鰯の頭も信心から の意味 | Babel Free
定義
一旦信じてしまえば、どんなものでもありがたく思えるということ。江戸期、節分に鬼除けのため、玄関先に鰯の頭を吊るす習慣があり、それに由来するという説が有力。
例文
“東京化學會で私が(「オリザニン」は脚氣に效くだらう」)と述べたことを、當時醫界の大立者だつた某博士(森鴎外博士)が傳へ聞かれて「鈴木が脚氣に糠(ビタミン)が效くと云つたさうだが、馬鹿げた話だ、鰯の頭も信心からだ、糠(ビタミン)で脚氣が癒るなら、小便を飮んでも癒る……」と、或る新聞記者に話されたことがあつた。
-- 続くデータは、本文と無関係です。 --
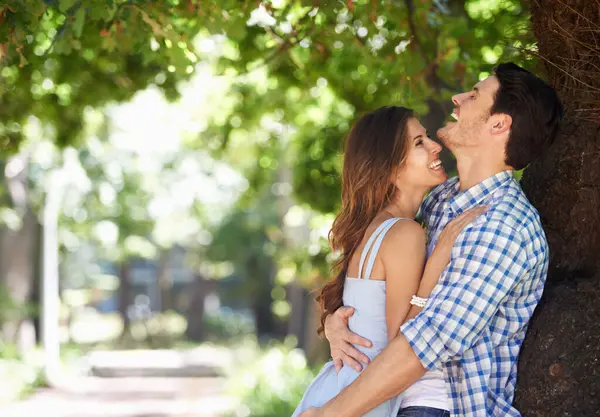 年轻夫妇在公园的树下 在夏日的阳光下 带着爱的笑容和拥抱 欣赏着阳光的美景 深情的户外和浪漫的伴侣与大自然的生活方式结合在一起 — 图库照片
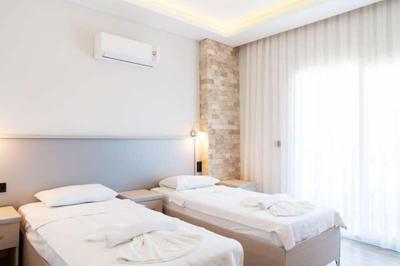 Tone Otel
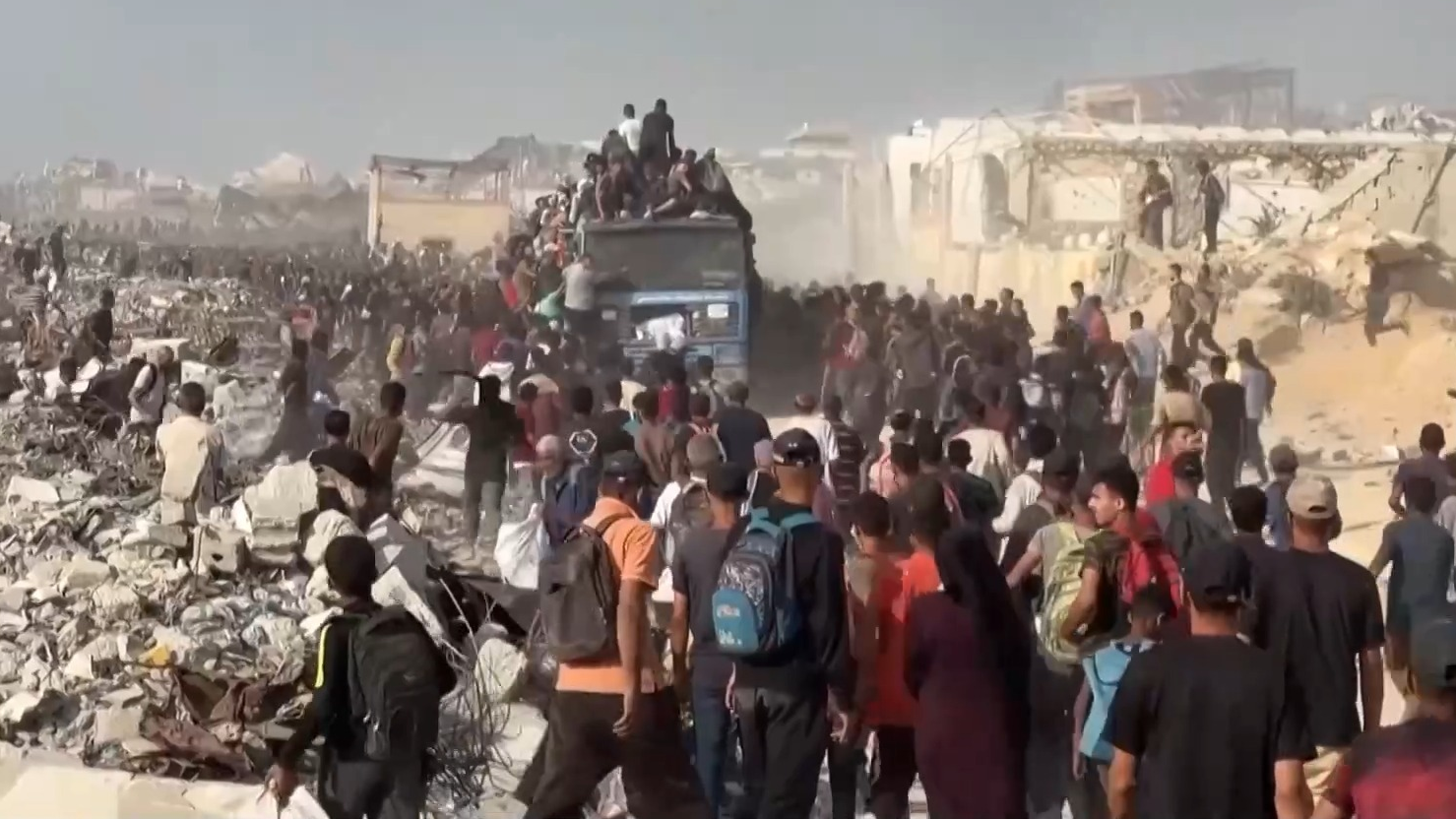 以军袭击加沙领取援助物资民众,已致56人死亡 以军袭击加沙领取援助物资民众,已致56人死亡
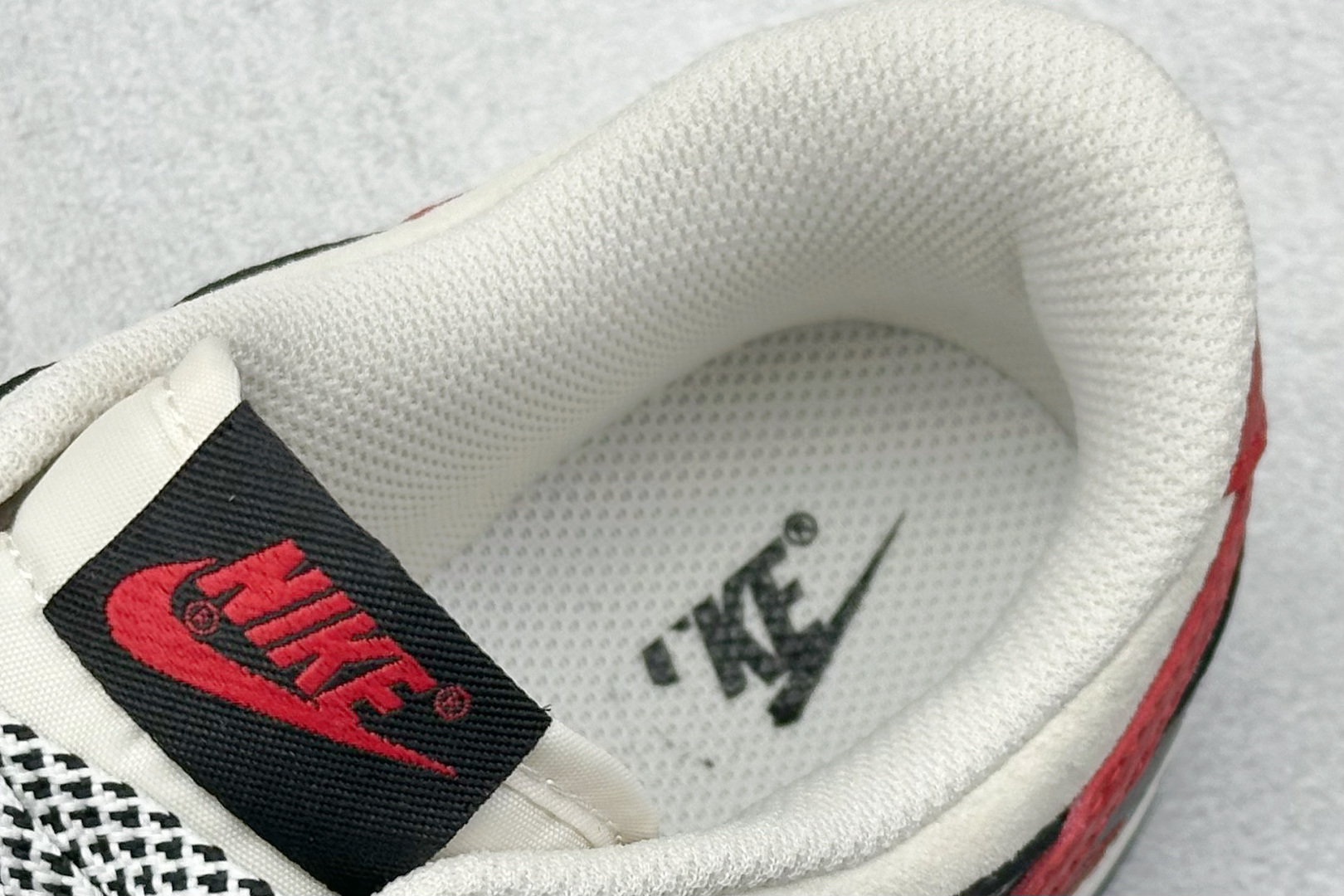 240 XC版 Nk SB Dunk Low 冠希联名 涂鸦红勾 周年高端定制 低帮休闲板鞋 DJ2024-101-Chinese UA Cheap High Quatity Brand Clothes Bags handbags Sneakers wholesale wholesaler seller from China Factory suppliers Fashion Clothing Shoes best Quality Beautiful Price 240 XC版 Nk SB Dunk Low 冠希联名 涂鸦红勾 周年高端定制 低帮休闲板鞋 DJ2024-101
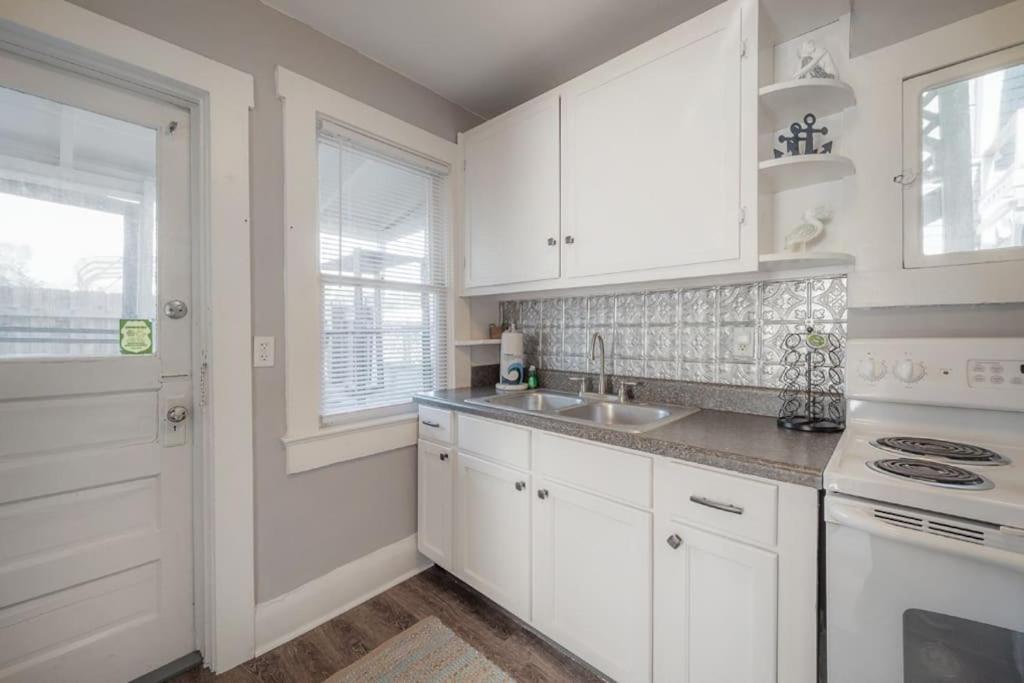 Serene Beachy Bungalow With Large Screened Porch! Τάμπα Εξωτερικό φωτογραφία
”
“父親の医者というのは、頬骨のとがった髯の生えた、見得坊で傲慢、その癖でもじゃ、もちろん田舎には刈入の時よく稲の穂が目に入ると、それから煩う、脂目、赤目、流行目が多いから、先生眼病の方は少し遣ったが、内科と来てはからッぺた。外科なんと来た日にゃあ、鬢附へ水を垂らしてひやりと疵につけるくらいなところ。鰯の天窓も信心から、それでも命数の尽きぬ輩は本復するから、外に竹庵養仙木斎の居ない土地、相応に繁盛した。”